Kafka Best Practices Guide

1. First, a quick rundown of Kafka and its architecture

Kafka is an efficient distributed messaging system providing built-in data redundancy and resiliency while remaining both high-throughput and scalable. It includes automatic data retention limits, making it well suited for applications that treat data as a stream, and it also supports “compacted” streams that model a map of key-value pairs.

To understand these best practices, you’ll need to be familiar with some key terms:

Message: A record or unit of data within Kafka. Each message has a key and a value, and optionally headers.

Producer: Producers publish messages to Kafka topics. Producers decide which topic partition to publish to either randomly (round-robin) or using a partitioning algorithm based on a message’s key.

Broker: Kafka runs in a distributed system or cluster. Each node in the cluster is called a broker.

Topic: A topic is a category to which data records—or messages—are published. Consumers subscribe to topics in order to read the data written to them.

Topic partition: Topics are divided into partitions, and each message is given an offset. Each partition is typically replicated at least once or twice. Each partition has a leader and one or more replicas (copies of the data) that exist on followers, providing protection against a broker failure. All brokers in the cluster are both leaders and followers, but a broker has at most one replica of a topic partition. The leader is used for all reads and writes.

Offset: Each message within a partition is assigned an offset, a monotonically increasing integer that serves as a unique identifier for the message within the partition.

Consumer: Consumers read messages from Kafka topics by subscribing to topic partitions. The consuming application then processes the message to accomplish whatever work is desired.

Consumer group: Consumers can be organized into logic consumer groups. Topic partitions are assigned to balance the assignments among all consumers in the group. Within a consumer group, all consumers work in a load-balanced mode; in other words, each message will be seen by one consumer in the group. If a consumer goes away, the partition is assigned to another consumer in the group. This is referred to as a rebalance. If there are more consumers in a group than partitions, some consumers will be idle. If there are fewer consumers in a group than partitions, some consumers will consume messages from more than one partition.

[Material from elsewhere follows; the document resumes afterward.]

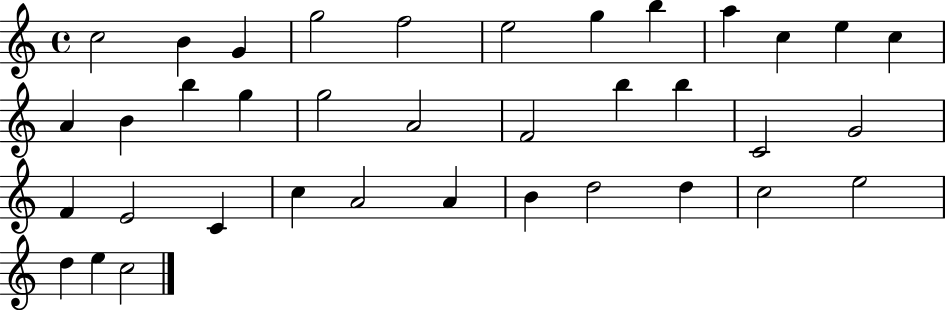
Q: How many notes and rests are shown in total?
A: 37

Lag: A consumer is lagging when it’s unable to read from a partition as fast as messages are produced to it. Lag is expressed as the number of offsets that are behind the head of the partition. The time required to recover from lag (to “catch up”) depends on how quickly the consumer is able to consume messages per second:

time = messages / (consume rate per second - produce rate per second)

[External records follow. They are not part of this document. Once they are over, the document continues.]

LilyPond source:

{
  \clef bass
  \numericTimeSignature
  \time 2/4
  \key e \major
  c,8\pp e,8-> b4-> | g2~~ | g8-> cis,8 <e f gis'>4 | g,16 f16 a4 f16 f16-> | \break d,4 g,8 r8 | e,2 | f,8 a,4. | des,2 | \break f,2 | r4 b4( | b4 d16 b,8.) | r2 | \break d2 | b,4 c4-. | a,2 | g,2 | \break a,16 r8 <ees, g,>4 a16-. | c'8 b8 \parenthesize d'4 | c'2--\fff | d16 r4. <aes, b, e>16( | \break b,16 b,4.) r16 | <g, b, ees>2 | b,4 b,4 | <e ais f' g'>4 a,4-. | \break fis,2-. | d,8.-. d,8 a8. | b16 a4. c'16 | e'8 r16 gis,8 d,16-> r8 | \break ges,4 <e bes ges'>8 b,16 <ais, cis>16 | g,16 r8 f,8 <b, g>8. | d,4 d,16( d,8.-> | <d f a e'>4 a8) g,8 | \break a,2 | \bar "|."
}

2. Best practices for working with partitions

Understand the data rate of your partitions to ensure you have the correct retention space. The data rate of a partition is the rate at which data is produced to it; in other words, it’s the average message size times the number of messages per second. The data rate dictates how much retention space, in bytes, is needed to guarantee retention for a given amount of time. If you don’t know the data rate, you can’t correctly calculate the retention space needed meet a time-based retention goal. The data rate also specifies the minimum performance a single consumer needs to support without lagging.
Unless you have architectural needs that require you to do otherwise, use random partitioning when writing to topics. When you’re operating at scale, uneven data rates among partitions can be difficult to manage. There are three main reasons for this: First, consumers of the “hot” (higher throughput) partitions will have to process more messages than other consumers in the consumer group, potentially leading to processing and networking bottlenecks. Second, topic retention must be sized for the partition with the highest data rate, which can result in increased disk usage across other partitions in the topic. Third, attaining an optimum balance in terms of partition leadership is more complex than simply spreading the leadership across all brokers. A “hot” partition might carry 10 times the weight of another partition in the same topic.

3. Best practices for working with consumers

If your consumers are running versions of Kafka older than 0.10, upgrade them. In version 0.8.x, consumers use Apache ZooKeeper for consumer group coordination, and a number of known bugs can result in long-running rebalances or even failures of the rebalance algorithm. (We refer to these as “rebalance storms”). During a rebalance, one or more partitions are assigned to each consumer in the consumer group. In a rebalance storm, partition ownership is continually shuffled among the consumers, preventing any consumer from making real progress on consumption.
Tune your consumer socket buffers for high-speed ingest. In Kafka 0.10.x, the parameter is receive.buffer.bytes, which defaults to 64kB. In Kafka 0.8.x, the parameter is socket.receive.buffer.bytes, which defaults to 100kB. Both of these default values are too small for high-throughput environments, particularly if the network’s bandwidth-delay product between the broker and the consumer is larger than a local area network (LAN). For high-bandwidth networks (10 Gbps or higher) with latencies of 1 millisecond or more, consider setting the socket buffers to 8 or 16 MB. If memory is scarce, consider 1 MB. You can also use a value of -1, which lets the underlying operating system tune the buffer size based on network conditions. However, the automatic tuning might not occur fast enough for consumers that need to start “hot.”
Design high-throughput consumers to implement back-pressure when warranted; it is better to consume only what you can process efficiently than it is to consume so much that your process grinds to a halt and then drops out of the consumer group. Consumers should consume into fixed-sized buffers (see the Disruptor pattern), preferably off-heap if running in a Java virtual machine (JVM). A fixed-size buffer will prevent a consumer from pulling so much data onto the heap that the JVM spends all of its time performing garbage collection instead of the work you want to achieve—which is processing messages.
When running consumers on a JVM, be wary of the impact that garbage collection can have on your consumers. For example, long garbage collection pauses can result in dropped ZooKeeper sessions or consumer-group rebalances. The same is true for brokers, which risk dropping out of the cluster if garbage collection pauses are too long.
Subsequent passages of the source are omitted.